El proceso electoral en Honduras vive momentos de tensión inédita. El recuento de los votos emitidos el 30 de noviembre, en unas elecciones que definirán al nuevo presidente, se ha demorado considerablemente. A pesar de que los porcentajes preliminares colocan al candidato conservador Nasry “Tito” Asfura ligeramente por delante —con cerca de 40.5 % frente a un competidor liberal cercano— cerca del quince por ciento de las actas presentan irregularidades, por lo que aún deben ser revisadas.
La situación escaló cuando Donald Trump intervino de forma directa en el debate político hondureño: primero respaldando abiertamente a Asfura y, poco después, anunciando el indulto del expresidente Juan Orlando Hernández —condenado en Estados Unidos por narcotráfico. Esa decisión encendió las alarmas de muchos, pues implicó reavivar una figura ampliamente repudiada por acusaciones de corrupción y criminalidad, justo antes de que los ciudadanos depositaran su voto.

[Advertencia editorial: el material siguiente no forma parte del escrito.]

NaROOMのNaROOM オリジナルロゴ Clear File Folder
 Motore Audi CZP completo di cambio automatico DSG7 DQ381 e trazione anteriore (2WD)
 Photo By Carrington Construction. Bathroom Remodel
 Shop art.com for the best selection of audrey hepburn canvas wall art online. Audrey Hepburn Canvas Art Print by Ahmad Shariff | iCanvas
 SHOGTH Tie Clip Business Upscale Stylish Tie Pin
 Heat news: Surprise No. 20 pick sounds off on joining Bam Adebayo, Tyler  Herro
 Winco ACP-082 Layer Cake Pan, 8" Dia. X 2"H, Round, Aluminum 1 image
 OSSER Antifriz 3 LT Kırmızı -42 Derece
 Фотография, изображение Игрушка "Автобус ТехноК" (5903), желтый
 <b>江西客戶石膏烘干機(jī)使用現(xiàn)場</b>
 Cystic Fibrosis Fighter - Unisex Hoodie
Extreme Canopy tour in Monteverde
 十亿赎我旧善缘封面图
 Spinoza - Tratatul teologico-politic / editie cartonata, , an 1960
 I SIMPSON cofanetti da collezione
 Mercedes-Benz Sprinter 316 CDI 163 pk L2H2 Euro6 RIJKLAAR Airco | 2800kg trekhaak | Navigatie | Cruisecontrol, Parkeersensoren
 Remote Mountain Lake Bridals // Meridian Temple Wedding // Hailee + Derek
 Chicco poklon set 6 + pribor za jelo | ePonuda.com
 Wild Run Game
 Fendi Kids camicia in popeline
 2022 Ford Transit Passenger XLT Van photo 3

El respaldo externo y el indulto han generado señalamientos de interferencia extranjera en los asuntos internos de Honduras. La presidenta del país y su gobierno denunciaron lo que calificaron como un “golpe electoral en marcha”, acusando manipulación del sistema de transmisión de resultados, amenazas políticas y coacción del electorado —aunque no han presentado pruebas concluyentes hasta ahora.
Para muchos hondureños, este contexto difícil convive con una profunda desconfianza institucional. Algunos sectores temen que el conteo detenido, las presiones externas y las maniobras políticas puedan socavar el principio de soberanía popular. La incertidumbre se extiende: aún no se sabe cuándo serán anunciados los resultados definitivos, ni si serán aceptados por todos los actores.
Este episodio representa una encrucijada para Honduras. Por un lado, enfrenta la opacidad de un recuento prolongado y plagado de cuestionamientos. Por otro, arrastra en sus lomos el peso del indulto polémico, la influencia de poderes externos y la duda colectiva sobre la legitimidad del proceso. Para muchos ciudadanos, la urna se ha convertido en un símbolo de esperanza y a la vez de temor: esperanza de un cambio real; temor de una democracia comprometida.